→ EXERCISE PROMPT
In the reply, include exactly the lines of the entries below from the first to the line with "Grijs Gebruikt 2022", that line included.

=-=-=

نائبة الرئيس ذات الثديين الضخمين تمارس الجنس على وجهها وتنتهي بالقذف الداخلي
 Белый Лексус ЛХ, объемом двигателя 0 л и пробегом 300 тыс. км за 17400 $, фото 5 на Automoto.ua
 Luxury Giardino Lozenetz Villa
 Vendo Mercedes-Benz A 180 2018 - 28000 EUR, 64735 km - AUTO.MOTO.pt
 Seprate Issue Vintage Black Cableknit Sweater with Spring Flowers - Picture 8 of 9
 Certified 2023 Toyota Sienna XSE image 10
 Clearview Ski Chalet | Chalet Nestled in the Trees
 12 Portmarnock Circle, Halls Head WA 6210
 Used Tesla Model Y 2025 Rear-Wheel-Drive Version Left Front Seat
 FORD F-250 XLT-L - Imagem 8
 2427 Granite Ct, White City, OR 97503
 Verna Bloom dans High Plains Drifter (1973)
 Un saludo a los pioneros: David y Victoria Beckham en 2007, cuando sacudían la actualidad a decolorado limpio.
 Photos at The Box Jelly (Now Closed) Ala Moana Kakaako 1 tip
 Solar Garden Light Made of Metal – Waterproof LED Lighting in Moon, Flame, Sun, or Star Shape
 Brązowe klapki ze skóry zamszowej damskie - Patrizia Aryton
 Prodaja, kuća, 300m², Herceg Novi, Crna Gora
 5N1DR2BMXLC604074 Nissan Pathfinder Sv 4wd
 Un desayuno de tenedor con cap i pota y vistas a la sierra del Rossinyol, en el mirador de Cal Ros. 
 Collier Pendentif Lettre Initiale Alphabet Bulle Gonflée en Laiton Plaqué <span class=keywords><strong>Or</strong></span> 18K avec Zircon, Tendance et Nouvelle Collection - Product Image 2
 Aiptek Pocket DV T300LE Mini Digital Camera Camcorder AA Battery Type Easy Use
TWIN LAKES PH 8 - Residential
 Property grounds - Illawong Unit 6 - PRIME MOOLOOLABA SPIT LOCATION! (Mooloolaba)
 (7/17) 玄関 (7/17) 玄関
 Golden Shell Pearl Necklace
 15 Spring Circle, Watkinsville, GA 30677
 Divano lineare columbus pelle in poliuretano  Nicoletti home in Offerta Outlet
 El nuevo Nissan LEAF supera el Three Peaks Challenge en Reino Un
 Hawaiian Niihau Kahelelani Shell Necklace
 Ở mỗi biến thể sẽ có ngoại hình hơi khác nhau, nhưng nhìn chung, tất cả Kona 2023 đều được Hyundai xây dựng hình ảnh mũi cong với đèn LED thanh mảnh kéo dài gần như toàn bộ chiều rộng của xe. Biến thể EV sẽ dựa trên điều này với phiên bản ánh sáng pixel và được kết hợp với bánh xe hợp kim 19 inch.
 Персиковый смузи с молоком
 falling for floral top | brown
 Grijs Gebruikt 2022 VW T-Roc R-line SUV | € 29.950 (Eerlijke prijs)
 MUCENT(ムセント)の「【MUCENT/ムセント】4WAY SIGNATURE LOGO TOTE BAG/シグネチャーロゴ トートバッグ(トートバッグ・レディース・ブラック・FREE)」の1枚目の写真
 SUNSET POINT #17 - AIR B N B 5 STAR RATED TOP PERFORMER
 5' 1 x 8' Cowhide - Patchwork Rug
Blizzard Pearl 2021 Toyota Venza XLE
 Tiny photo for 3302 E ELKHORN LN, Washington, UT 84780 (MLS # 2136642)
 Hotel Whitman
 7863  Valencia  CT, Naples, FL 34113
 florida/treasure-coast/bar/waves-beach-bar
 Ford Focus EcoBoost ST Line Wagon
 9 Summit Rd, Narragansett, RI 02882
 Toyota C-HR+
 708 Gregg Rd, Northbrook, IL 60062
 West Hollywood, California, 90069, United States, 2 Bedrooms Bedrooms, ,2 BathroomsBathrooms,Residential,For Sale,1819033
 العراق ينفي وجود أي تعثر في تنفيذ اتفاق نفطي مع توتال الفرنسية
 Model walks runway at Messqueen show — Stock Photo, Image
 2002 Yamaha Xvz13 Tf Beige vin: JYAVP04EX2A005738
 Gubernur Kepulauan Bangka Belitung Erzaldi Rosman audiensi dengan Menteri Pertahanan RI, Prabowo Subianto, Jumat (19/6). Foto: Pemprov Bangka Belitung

=-=-=

→ PROBLEM SOLUTION
نائبة الرئيس ذات الثديين الضخمين تمارس الجنس على وجهها وتنتهي بالقذف الداخلي
 Белый Лексус ЛХ, объемом двигателя 0 л и пробегом 300 тыс. км за 17400 $, фото 5 на Automoto.ua
 Luxury Giardino Lozenetz Villa
 Vendo Mercedes-Benz A 180 2018 - 28000 EUR, 64735 km - AUTO.MOTO.pt
 Seprate Issue Vintage Black Cableknit Sweater with Spring Flowers - Picture 8 of 9
 Certified 2023 Toyota Sienna XSE image 10
 Clearview Ski Chalet | Chalet Nestled in the Trees
 12 Portmarnock Circle, Halls Head WA 6210
 Used Tesla Model Y 2025 Rear-Wheel-Drive Version Left Front Seat
 FORD F-250 XLT-L - Imagem 8
 2427 Granite Ct, White City, OR 97503
 Verna Bloom dans High Plains Drifter (1973)
 Un saludo a los pioneros: David y Victoria Beckham en 2007, cuando sacudían la actualidad a decolorado limpio.
 Photos at The Box Jelly (Now Closed) Ala Moana Kakaako 1 tip
 Solar Garden Light Made of Metal – Waterproof LED Lighting in Moon, Flame, Sun, or Star Shape
 Brązowe klapki ze skóry zamszowej damskie - Patrizia Aryton
 Prodaja, kuća, 300m², Herceg Novi, Crna Gora
 5N1DR2BMXLC604074 Nissan Pathfinder Sv 4wd
 Un desayuno de tenedor con cap i pota y vistas a la sierra del Rossinyol, en el mirador de Cal Ros. 
 Collier Pendentif Lettre Initiale Alphabet Bulle Gonflée en Laiton Plaqué <span class=keywords><strong>Or</strong></span> 18K avec Zircon, Tendance et Nouvelle Collection - Product Image 2
 Aiptek Pocket DV T300LE Mini Digital Camera Camcorder AA Battery Type Easy Use
TWIN LAKES PH 8 - Residential
 Property grounds - Illawong Unit 6 - PRIME MOOLOOLABA SPIT LOCATION! (Mooloolaba)
 (7/17) 玄関 (7/17) 玄関
 Golden Shell Pearl Necklace
 15 Spring Circle, Watkinsville, GA 30677
 Divano lineare columbus pelle in poliuretano  Nicoletti home in Offerta Outlet
 El nuevo Nissan LEAF supera el Three Peaks Challenge en Reino Un
 Hawaiian Niihau Kahelelani Shell Necklace
 Ở mỗi biến thể sẽ có ngoại hình hơi khác nhau, nhưng nhìn chung, tất cả Kona 2023 đều được Hyundai xây dựng hình ảnh mũi cong với đèn LED thanh mảnh kéo dài gần như toàn bộ chiều rộng của xe. Biến thể EV sẽ dựa trên điều này với phiên bản ánh sáng pixel và được kết hợp với bánh xe hợp kim 19 inch.
 Персиковый смузи с молоком
 falling for floral top | brown
 Grijs Gebruikt 2022 VW T-Roc R-line SUV | € 29.950 (Eerlijke prijs)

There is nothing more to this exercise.